Poor Rebekah Revels. The original Miss North Carolina has been booted out of the bimbo competition by a judge's ruling that leaves the decision up to the pageant officials. This clears the way for Misty Clymer (no one could make these names up) to represent the state in the Miss America contest. Revels resigned when a former boyfriend revealed that he had taken semi-nude photos of her. She says she didn't know he was taking the pictures and therefore she is "innocent."

Gag me with a mascara wand. First of all, it is disgusting that there is still a Miss America pageant. Pageant officials can talk until they're blue in the face about the scholarships, but the pageant remains an institution that views women as decorative objects to be put on show and judged by superficial standards that would never be applied to men.

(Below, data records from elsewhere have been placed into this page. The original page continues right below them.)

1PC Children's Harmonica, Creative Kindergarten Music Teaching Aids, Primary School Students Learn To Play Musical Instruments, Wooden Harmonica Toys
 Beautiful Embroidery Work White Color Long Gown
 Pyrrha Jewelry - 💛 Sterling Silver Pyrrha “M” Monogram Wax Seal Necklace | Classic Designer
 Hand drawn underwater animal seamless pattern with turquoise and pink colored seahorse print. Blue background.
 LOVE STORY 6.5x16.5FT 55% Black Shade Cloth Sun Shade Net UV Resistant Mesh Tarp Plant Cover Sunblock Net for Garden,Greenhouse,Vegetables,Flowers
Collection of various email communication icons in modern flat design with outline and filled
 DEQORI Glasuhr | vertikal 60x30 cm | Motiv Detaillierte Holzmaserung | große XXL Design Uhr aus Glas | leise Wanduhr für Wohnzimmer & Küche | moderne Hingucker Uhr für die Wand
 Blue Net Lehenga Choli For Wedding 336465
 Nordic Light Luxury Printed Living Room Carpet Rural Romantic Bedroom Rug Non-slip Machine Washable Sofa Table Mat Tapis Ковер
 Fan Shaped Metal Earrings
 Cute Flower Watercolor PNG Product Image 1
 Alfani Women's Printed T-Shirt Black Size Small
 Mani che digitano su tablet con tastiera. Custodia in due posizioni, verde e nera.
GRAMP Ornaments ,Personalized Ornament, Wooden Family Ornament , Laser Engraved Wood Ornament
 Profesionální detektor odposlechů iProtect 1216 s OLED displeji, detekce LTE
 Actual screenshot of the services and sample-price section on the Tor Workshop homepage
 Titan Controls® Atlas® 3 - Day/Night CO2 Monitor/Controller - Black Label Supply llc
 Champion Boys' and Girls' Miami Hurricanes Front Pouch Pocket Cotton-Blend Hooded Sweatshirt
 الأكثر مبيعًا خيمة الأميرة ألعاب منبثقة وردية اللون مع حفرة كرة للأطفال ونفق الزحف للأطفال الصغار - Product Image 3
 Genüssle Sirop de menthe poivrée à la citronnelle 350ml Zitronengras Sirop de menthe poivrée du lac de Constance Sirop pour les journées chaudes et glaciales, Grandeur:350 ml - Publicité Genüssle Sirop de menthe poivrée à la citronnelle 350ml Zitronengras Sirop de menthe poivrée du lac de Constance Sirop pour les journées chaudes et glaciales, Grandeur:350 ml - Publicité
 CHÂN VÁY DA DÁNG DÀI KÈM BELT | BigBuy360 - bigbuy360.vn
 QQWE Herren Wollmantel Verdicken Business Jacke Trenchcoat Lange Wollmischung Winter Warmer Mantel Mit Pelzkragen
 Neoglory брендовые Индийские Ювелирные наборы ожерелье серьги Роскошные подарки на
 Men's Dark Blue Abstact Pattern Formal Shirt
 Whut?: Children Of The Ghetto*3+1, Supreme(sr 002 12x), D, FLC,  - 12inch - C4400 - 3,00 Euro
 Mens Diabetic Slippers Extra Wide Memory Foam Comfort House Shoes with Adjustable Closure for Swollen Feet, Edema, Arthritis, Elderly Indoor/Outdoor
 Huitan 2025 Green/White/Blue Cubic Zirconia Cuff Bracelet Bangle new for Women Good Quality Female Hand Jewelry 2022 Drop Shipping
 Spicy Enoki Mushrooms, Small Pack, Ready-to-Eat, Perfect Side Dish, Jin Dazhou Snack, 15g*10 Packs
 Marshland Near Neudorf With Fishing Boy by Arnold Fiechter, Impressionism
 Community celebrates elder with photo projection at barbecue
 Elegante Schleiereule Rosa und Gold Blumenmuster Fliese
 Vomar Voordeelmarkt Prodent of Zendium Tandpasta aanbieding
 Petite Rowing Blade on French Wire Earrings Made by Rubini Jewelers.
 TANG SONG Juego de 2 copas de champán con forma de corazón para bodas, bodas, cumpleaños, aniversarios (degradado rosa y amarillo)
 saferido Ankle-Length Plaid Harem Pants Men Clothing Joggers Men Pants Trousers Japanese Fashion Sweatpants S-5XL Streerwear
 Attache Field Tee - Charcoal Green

Then there is the matter of Revels' "innocence." Okay, maybe she didn't know her boyfriend (some friend) was taking pictures of her. But who cares if she did? Why, in 2002, does a woman have to swear that she didn't know her partner saw her breasts? And why do young women think it is an honor to be in this pageant?

Wednesday, September 04, 2002

If you think the Women's Movement (remember the Women's Movement?) has changed stupid cultural attitudes, you haven't been paying attention to Gwyneth Paltrow. Paltrow said in a recent interview that she would never ask a man out because she is "freaked out" by "forward women."

It is amazing that a woman with such an abundance of talent in a field requiring intelligence and sensitivity could believe that inviting a man to dinner is "forward." She probably thinks the man has to pay for the dinner and order for her, too. These are the attitudes of the 50's and 60's that kept women "in their place," which is to say, submissive. Don't beat boys in sports. Don't show any romantic interest in them until they show it first. Don't give up your virginity until you're married. Don't pursue a career, and if you must, remember that it isn't as important as your husband's.

Women's fear of being thought aggressive when they are only conducting transactions in a normative manner is well-founded; I'll give Paltrow that. When a man takes charge, he's called a leader. When a woman takes charge, she's called "unfeminine." But fear of being judged by ignorant standards is a poor excuse for being less than who you are.

Sunday, September 01, 2002

Some people say that irony is dead. Don't you believe it. Just today, I discovered that someone had published one of my essays without my permission, which is, of course, illegal. Not only that, but the offending party failed to credit the original publication.

Here's the good part: the essay was about maintaining appropriate boundaries.

And did I mention that the illegal publisher is a respected religious organization?

Churches have a lot to learn these days.